Woo passa a empregar lentes teleobjetivas para filmar os disparos seguintes. A câmera sempre se move, passando pelos bandidos, que voam pelo ar em reação aos disparos (além de todo sangue que esguicha). Woo não individualiza nenhum dos bandidos, mas sempre que corta de volta para Chow Yun-fat, ele está centralizado no quadro, e praticamente estático, reforçando o impacto destrutuvo dos seus disparos.
A câmera avança pela casa, e Woo marca a geografia desse ambiente com curtos planos-sequência, onde a câmera avança junto com os personagens. Isso traz também um dinamismo às cenas.
Woo não desperdiça um único enquadramento. Cada frame é usado para reforçar o exagero da ação e destruição. No entanto, ele cuidadosamente insere momentos “calmos”, de respiro, com os personagens avançando pela casa, caçando inimigos. Dessa forma, a sequência, apesar de longa, não exaure o espectador com excesso.
A estilização da violência é reforçada pelo contraste entre o vermelho do sangue com os tons brancos das roupas e da própria casa.
O Alvo representa a culminação desse estilo. Ou, melhor, não é a culminação (ela veio em seu filme anterior, chinês). Mas ela é a conclusão lógica de toda a sua carreira, e a perfeita fusão de sua sensibilidade e influências com a própria tradição do cinema americano. Pois Woo sempre foi influenciado pelo Western, pelo noir e por uma série de clássicos do cinema norte-americano, mas trazendo também suas próprias influências e tradições estéticas asiáticas. Dos faroestes clássicos à música de Bob Dylan, vemos Woo finalmente incorporar de vez a tradição do cinema norte-americano aos seus próprios filmes. Mas, infelizmente, essa seria a última vez que ele faria isso.

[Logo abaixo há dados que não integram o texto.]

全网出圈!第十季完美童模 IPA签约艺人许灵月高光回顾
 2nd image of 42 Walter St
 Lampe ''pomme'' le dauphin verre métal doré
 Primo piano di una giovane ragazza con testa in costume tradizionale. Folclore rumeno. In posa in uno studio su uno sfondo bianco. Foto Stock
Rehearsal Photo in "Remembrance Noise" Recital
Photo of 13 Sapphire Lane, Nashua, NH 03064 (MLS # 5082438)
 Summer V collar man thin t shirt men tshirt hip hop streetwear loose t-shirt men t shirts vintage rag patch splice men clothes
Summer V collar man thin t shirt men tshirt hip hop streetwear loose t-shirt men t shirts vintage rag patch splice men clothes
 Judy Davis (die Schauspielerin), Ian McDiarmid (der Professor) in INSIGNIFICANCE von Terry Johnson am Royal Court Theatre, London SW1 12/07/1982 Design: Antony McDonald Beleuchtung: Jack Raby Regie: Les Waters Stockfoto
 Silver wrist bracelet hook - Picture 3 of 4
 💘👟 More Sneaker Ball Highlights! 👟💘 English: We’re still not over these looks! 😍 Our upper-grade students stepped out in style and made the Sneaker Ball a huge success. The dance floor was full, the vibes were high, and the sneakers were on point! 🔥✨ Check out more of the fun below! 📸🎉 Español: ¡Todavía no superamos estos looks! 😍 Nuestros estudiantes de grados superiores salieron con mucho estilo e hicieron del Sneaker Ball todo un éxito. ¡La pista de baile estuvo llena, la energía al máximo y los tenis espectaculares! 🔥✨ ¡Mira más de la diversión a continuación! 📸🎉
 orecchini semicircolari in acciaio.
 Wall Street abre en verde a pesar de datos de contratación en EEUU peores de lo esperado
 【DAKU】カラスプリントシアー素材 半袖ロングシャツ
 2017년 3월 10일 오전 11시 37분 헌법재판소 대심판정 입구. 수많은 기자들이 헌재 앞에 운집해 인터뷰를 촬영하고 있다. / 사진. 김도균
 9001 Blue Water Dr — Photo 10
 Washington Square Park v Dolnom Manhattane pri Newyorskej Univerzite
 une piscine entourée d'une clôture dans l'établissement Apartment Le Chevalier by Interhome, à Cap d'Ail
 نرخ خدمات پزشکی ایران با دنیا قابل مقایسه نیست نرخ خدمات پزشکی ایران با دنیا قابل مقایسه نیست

Uma vez na América, ele estava preparado para adaptar O Alvo (1993) aos gostos locais. Depois de uma pré-estréia desastrosa em que os adolescentes riam de todas as dissoluções e congelamentos, “percebi que no filme de ação americano a técnica e a história são muito diretas.” O Alvo foi re-montado várias vezes para aplacar a censura dos EUA, um fato astutamente divulgado na publicidade. Woo ocasionalmente reclamava do rigor (“O herói americano não deveria levar tantas balas... e ele nunca morre... É tão quadrado!”), mas encolheu os ombros: “Agora conheço o sistema. Da próxima vez, evitarei algumas coisas.” Ele jogou pelo seguro ao fazer A última ameaça [Broken Arrow] (1996); se tiver sucesso, explicou seu produtor e parceiro de negócios Terence Chang, “então John terá a chance de fazer o que quiser”. Woo foi contratado para dirigir a seleção brasileira de futebol nos comerciais de TV “Airport '98” da Nike, e foi escalado para Missão: Impossível II. O diretor que pedia mais autoexpressão no cinema chinês começou a explicar que deixou Hong Kong. Kong porque “não sou muito chinês. As minhas técnicas, os meus temas, a minha linguagem cinematográfica não são tradicionalmente chineses.”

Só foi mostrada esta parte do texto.